Andy Rightmire of Hanover, NH
March 4, 2024
Despite a busy daily schedule spent coaching the Ford Sayre JNT kids to incredible heights (and distances!), we had a moment to hear from Andy Rightmire, a recent alumnus of the Ford Sayre Nordic Program. Read his interview below!
Andy grew up in Hanover, NH, and participated in Ford Sayre’s BKL program starting from an early age. He skied for Ford Sayre all the way through the JNT program. After graduating from Hanover High School, Andy attended Colby College where he competed on the Division I Men’s Cross Country ski team. As a Colby skier, Andy qualified for the 2020 Junior Nationals and 2021 NCAA Championships. In 2023, Andy graduated from Colby as captain of the men’s team! This season, Andy returned to the Upper Valley and has worked as the assistant coach of Ford Sayre’s JNT program. In March, Andy will be headed to Junior Nationals as a coach with Team New England. This appointment is a huge career accomplishment in its own right! Thank you, Andy, for giving your time, energy, and well-earned ski racing wisdom to Ford Sayre – and to the broader New England ski racing community!
It’s probably not easy to encapsulate your Ford Sayre experience in a single story, but do you mind telling us your most memorable experience while skiing as an athlete with Ford Sayre?
Some of my best memories from my time as an athlete in Ford Sayre came from when I was on the JNT team in high school. One of my favorite memories has to be from my senior year, while I was skiing a classic mass start at Eastern High School championships. My teammate Jacob and I had one of the best races of our lives. We were skiing towards the front for most of the race. We finished much higher than we anticipated and had the most fun either of us had ever had in a ski race. A few years later, one of my college teammates showed me a video from the front group of that race that his parents had taken, and it turned out he was also in that lead group. I had no idea. That was a fun, full-circle moment!
What positive character trait(s) do you think Ford Sayre helped nourish?
Ford Sayre was great for my independence as an athlete. I learned how to wax my skis and do all the essential things to prepare for a race weekend, as well as a lot about the bigger things that go into performing at a high level. One of the biggest things was writing a longer-term training plan, which I still use all the time for myself and the athletes I work with.
Beyond my skiing, Ford Sayre taught me so much about how to set goals both in athletics, but also just generally in life and using these goals to guide my day-to-day decisions as well as how I raced and trained across a whole season.
If you could give advice to your younger self, what would it be?
Have more fun! As an athlete, I spent so much time analyzing the marginal gains that I might be able to get out of myself, but I eventually learned I raced better when I unplugged from this mindset and focused on having fun with racing. The community around ski racing is incredible and has quickly turned into one of my favorite parts of racing and coaching.
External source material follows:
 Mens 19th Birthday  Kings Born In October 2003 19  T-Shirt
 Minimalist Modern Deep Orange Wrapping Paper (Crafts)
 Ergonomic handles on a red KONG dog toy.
How do you deal with pressure?
This is one of the hardest parts of skiing at any level! Luckily, I was never in a situation where I felt external pressure, but I always put myself under huge pressure to perform. The best way to handle this is to spend time with your teammates and friends you are racing with. Whether it’s playing games the night before a race or warming up together the following day. This takes your mind off any pressure you’re feeling and helps most athletes race well!
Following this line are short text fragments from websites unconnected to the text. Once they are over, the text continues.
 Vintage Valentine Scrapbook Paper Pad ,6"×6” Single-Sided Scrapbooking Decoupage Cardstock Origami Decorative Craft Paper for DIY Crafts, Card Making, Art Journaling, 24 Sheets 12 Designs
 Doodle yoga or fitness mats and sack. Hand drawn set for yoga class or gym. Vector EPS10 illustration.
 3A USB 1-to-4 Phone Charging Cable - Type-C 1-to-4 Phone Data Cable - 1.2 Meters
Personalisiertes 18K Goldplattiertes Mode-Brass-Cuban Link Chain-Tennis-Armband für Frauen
Do you have a childhood hero?
I always loved watching the best classic skiers on the World Cup. Iivo Niskanen, Marit Bjorgen, and Didrik Tønseth were some of my favorites to watch.
What are your passions in addition to skiing?
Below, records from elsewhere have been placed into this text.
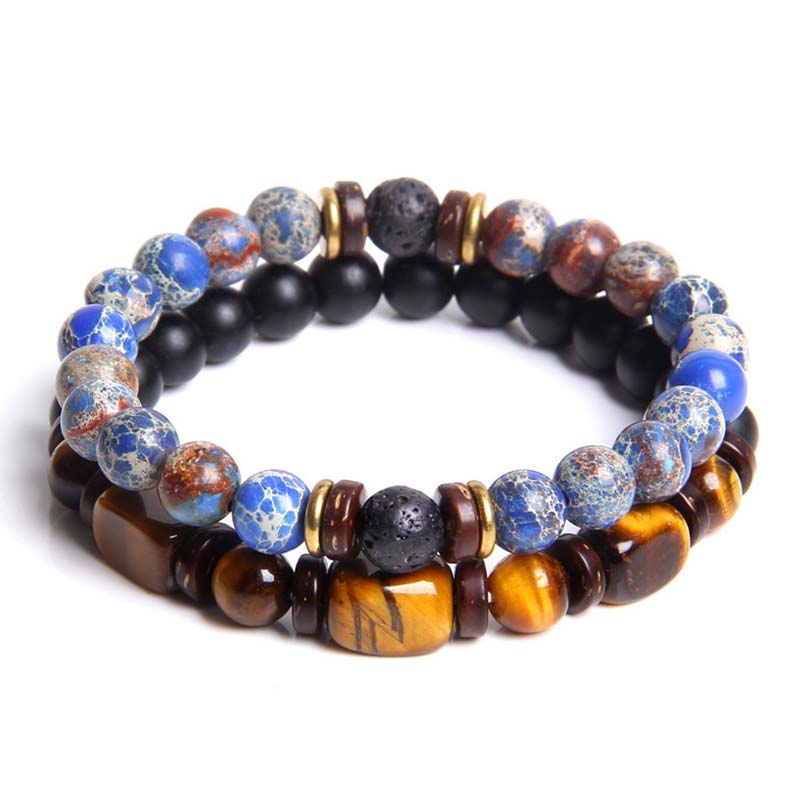 Carmiora 2 Stück Heilkristall-Kaiserstein-Tigerauge-Perlenarmband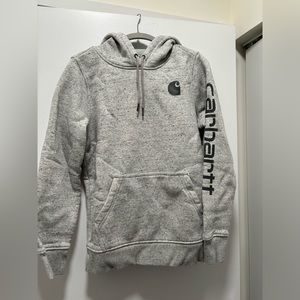 Small Heather gray Carhartt women’s fleece hoodie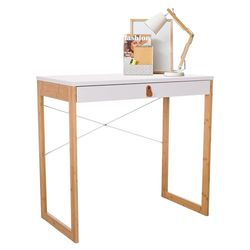 hjh LIVING Bureau avec 1 tiroir 80x42 cm TAROLO II piétement Bambou, Petite Table de Style scandinave, Table d'ordinateur Blanc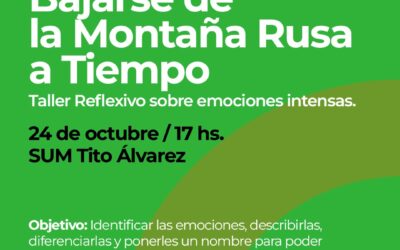 MES DE LA SALUD MENTAL: MAÑANA (VIERNES) HABRÁ UN TALLER REFLEXIVO SOBRE EMOCIONES INTENSAS DIRIGIDO A ADOLESCENTES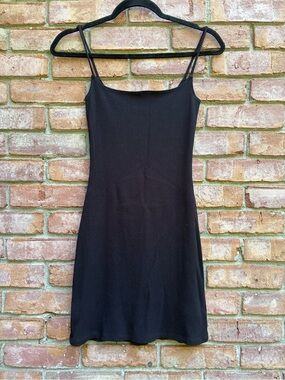 Reformation Black Ribbed Mini Slip Dress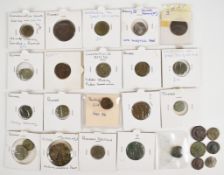 Roman coinage, most in cards with annotations to include Constantine the Great and Constantius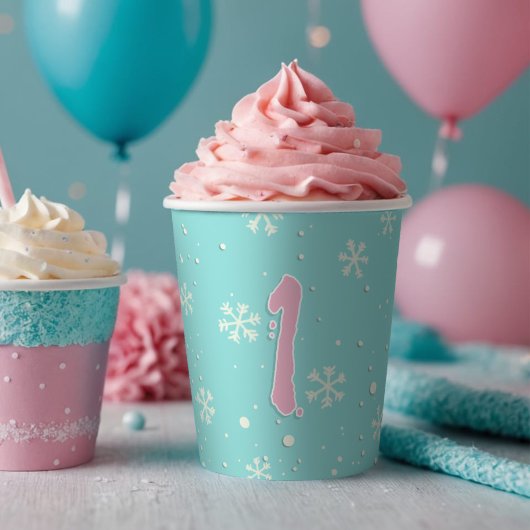 Winterverjaardag Snowflake Aqua Blue Baby & Kinder Papieren Bekers
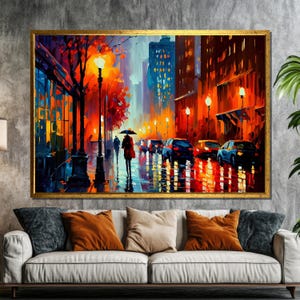 Colorful Rainy Cityscape Canvas Painting | Vibrant Urban Street Art Gift with Umbrella Reflections for Contemporary Home Decor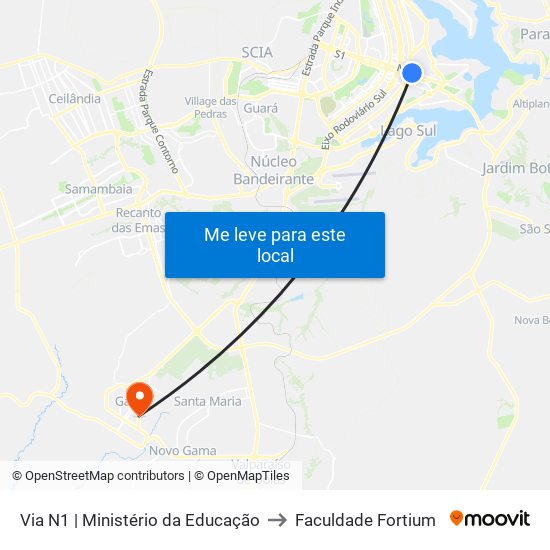 Via N1 | Ministérios Da Defesa (Fab) / Educação to Faculdade Fortium map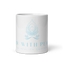 Raw with Peace Logo- White glossy mug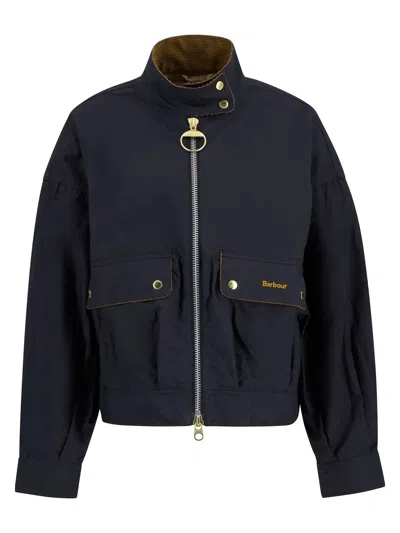 Barbour Cotton Zip-front Pockets Jacket In Navy
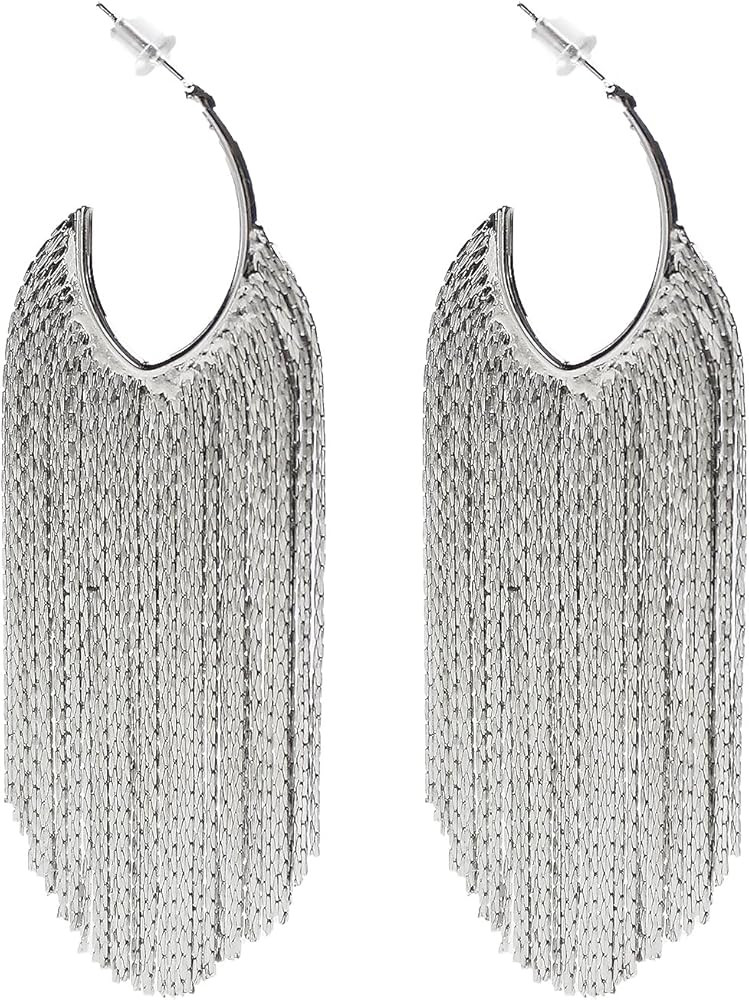 Boho Linear Tassel Drop Dangling Earrings For Women,Long Formal Country Bohemian Fringe Chain Cha... | Amazon (US)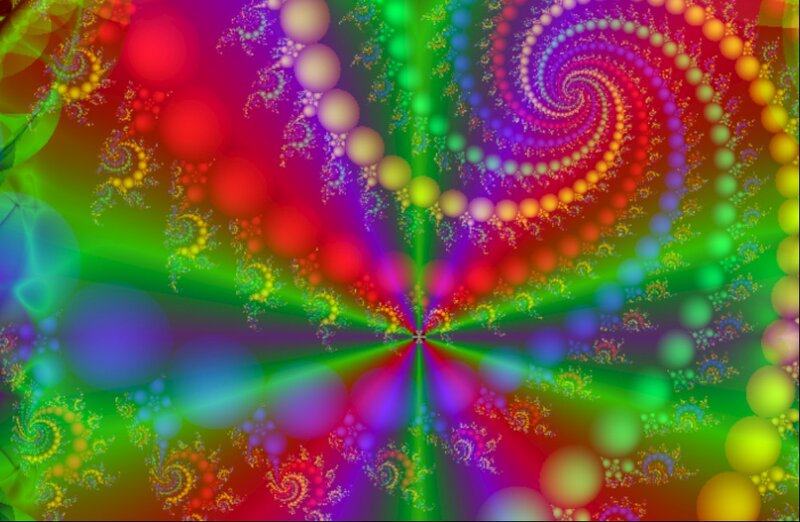 Colorful Fractal Spiral — Green, Vibrant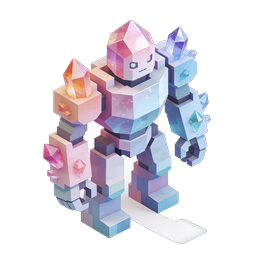 Crystal Golem 3D Isometric Fantasy Character Icon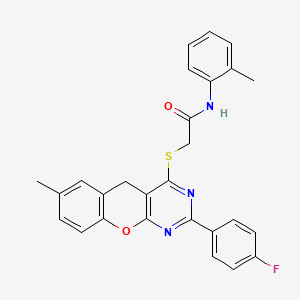 molecular formula C27H22FN3O2S B2390793 2-((2-(4-fluorophenyl)-7-methyl-5H-chromeno[2,3-d]pyrimidin-4-yl)thio)-N-(o-tolyl)acetamide CAS No. 895646-72-7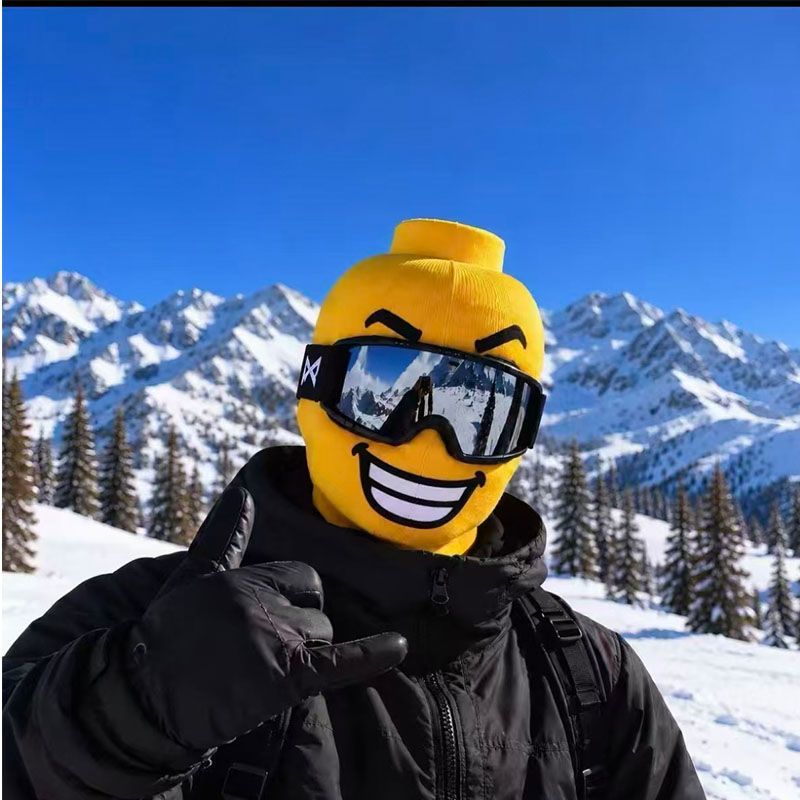 Outdoor Tricky Props Riding Windproof Skiing Face Cover 3D Simulation Funny Yellow Building Block Human Mask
I love doing anything that will get me outside! Whether it’s cross-country skiing, running, biking, or backcountry skiing!
Now that you’re a coach helping others chase their dreams, what aspects of coaching make you feel most fulfilled?
This might be too easy of an answer, but it’s always fun to work with athletes on days where it all comes together for them in a race they have been looking forward to all year. Not every day will go as well as they hope, but when it does work out, it’s fun to be a small part of that and see the joy it brings them, regardless of whatever goal they achieve.
If you could invite any two people (from real life or fiction) to join you skiing who would they be and why?
Peter Northug for the pure entertainment. I think hearing about his career would be fascinating. My second would probably be Kikkan Randall. It would be great to hear her experience helping build the U.S into a skiing powerhouse.
We love that Andy has returned to Ford Sayre to help guide our JNT athletes along in their own ski racing journeys – and to find joy for himself in the process! Our community thanks you, Andy, for teaching the JNT-ers how to have fun, train hard, set goals, lean on teammates, and ski super fast. Our Ford Sayre programs continue to thrive because of positive, energetic, generous role models like Andy!